Computer sensitivity studies show that hole size strongly affects the fraction of fission products released from the containment. The failure location determines mitigation due to release into another building in which condensation and particulate removal occur. The quantity released depends on the time of containment fails relative to reactor vessel failure. If containment integrity is maintained for several hours after core melt, then natural and engineered mechanisms (e.g., deposition, condensation, and filtration) can significantly reduce the quantity and radioactivity of the aerosols released to the atmosphere.

It has also been shown that heat radiation may heat and weaken the containment. The failure of penetration seals due to high temperature has been investigated, but full scale containment failure test have not been done.

10.2.2.7 Hazardous Material Transport Analysis

Chapters 8 and 9 presented computer codes that are available for computer hazardous material release and transport. Many of these codes have been tested using controlled experiments with varying agreement depending upon the code's applicability to the phenomena. In the author's opinion, the accuracy of the consequence calculation is not much better than the calculation of accident probabilities.
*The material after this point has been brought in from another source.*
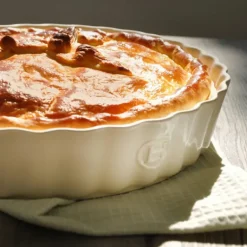 Tourtière Haute en Céramique Ø 24 cm Farine Emile Henry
Page 7: Probabilistic Safety Assessment in the Chemical and Nuclear Industries || Assembling and Interpreting the PSA

10.2.2.8 External Events

Insights and Criticisms

The methodology for assessment of external events is qualitatively satisfactory but not quantitatively. Little confidence should be placed in any estimates of the risk from external initiators compared to those from internal initiators. This is exacerbated by the fact that the external risk is the larger of the two in many cases.

10.2.2.9 Risk

The validity of the risk of nuclear that was estimated by the Reactor Safety Study was questioned when the TMI-2 accident occurred. This showed a misunderstanding of the probabilistic nature of risk. A single event neither proves nor disproves a statistical result; it may, however, question the usefulness of risk as a safety measure.